This might be the first time the term was seen in an ’official’ context, but is it really the origin? It feels like the term has been hovering around for longer, and even Google Trends shows significant search trends way before 2021
I see only a few peaks starting in 2008 that are in the double digit numbers. Could these just be queries containing the words "stochastic" and "parrot"?
For instance, there's this ecology paper from 2014: Influence of stochastic processes and catastrophic events on the reproductive dynamics of the endangered Maroon‐fronted Parrot Rhynchopsitta terrisi
Not sure what happens under the hood, but it wouldn't surprise me if people searching for this paper would show up under "stochastic parrot" in google trends even if that's not what they literally searched for.
I feel this way too. Maybe there's some very similar term that we're both thinking of though that is just at the tip of the tongue because I can't find what it'd be
Most people have never actually dealt with something like modern LLMs, so we haven't really developed the proper language to describe them and how they behave. It's either too simplistic and reductive (stochastic parrot, xerox machine) or presupposes sentience and intent ("fabricates","hallucinates", etc.)
Also "a blurry jpeg of the internet". LOL, all we need is "a series of tubes, not a truck" and we're set.
I think we are focusing on the model too much and miss the real hero - language. The corpus of text these models are trained on is a marvel of human creativity. This cultural artefact is the diff between primitive and modern humans. And it is the diff between a random initialisation and a trained GPT-4. Maybe the brain or the model don't matter, but what you train them on.
Even more, language is special. Ideas are self replicators, they have a lifecycle, they have evolutionary pressure to improve. Ideas travel a lot. No single human can recreate this knowledge, it is the result of massive search. I'd say more than 99% of human intelligence is based on applying ideas invented by someone else. So let's be more lenient on the parroting accusations. AIs can be smart if they get feedback, like AlphaZero, but without feedback they of course have to parrot.
I don't think this coinage is something to be proud of, given that the stochastic parrot analysis is now rejected by most top AI researchers, like Geoffrey Hinton or Andrew Ng. Even LLM skeptic Yann LeCun says LLMs have some level of understanding:
As far as I know, none of these 3 work specifically in NLP, most of their work is in image processing and to the best of my knowledge none of them have any background in linguistics.
Well, they are absolutely top AI researchers, so their opinion should count for a lot. If you specifically ask for people working on LLMs: Paul Christiano invented RLHF when he worked at OpenAI, and I'm pretty sure he also rejects the stochastic parrot analysis.
> They go on to note that because of these limitations, a learning machine might produce results which are "dangerously wrong"
I was initially thinking "well, yes, Nobel Prize for Stating the Obvious there", but looks like the paper was written in the far distant past of 2021, when LLMs were largely still in their babbling obvious nonsense stage, rather than the current state of the art, where they babble dangerously convincing nonsense, so, well, fair enough I suppose.
Amazing how fast progress has been there, though it's progress in an arguably rather worrying direction, of course.

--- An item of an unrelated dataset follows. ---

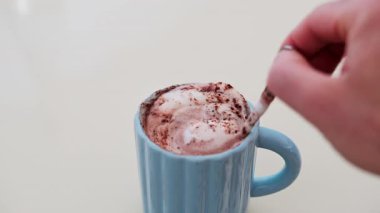 Mavi bir fincan sıcak çikolatayı beyaz bir masada karıştıran bir adamın elini kapat.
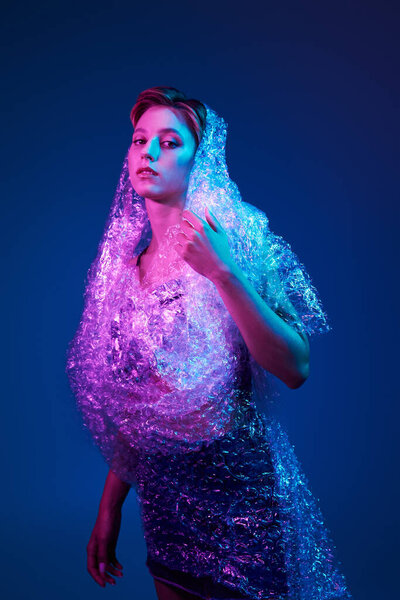 A woman enveloped in bubble wrap stands under vibrant neon lights.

Not to reduce the value of the insight, but since she coauthored the paper with Google employees she probably had access to models more advanced than those which were available to the general public
At that point, OpenAI was still fairly clearly at the babbling obvious nonsense phase; I would wonder was Google's stuff much better.
I also wonder if the original authors would have been surprised to learn that, by 2023, lawyers would be citing fake precedent made up by a machine. The progression to "dangerous nonsense" really does seem to have been worryingly fast.
I was really impressed with the work that Noam Shazeer was doing at Google before he left (I worked on TPUs and frequently had to debug problems at scale for researchers). It was clear he was making some pretty impressive improvements, but the results weren't super obvious even to most people inside google, and they didn't translate to externally visible projects.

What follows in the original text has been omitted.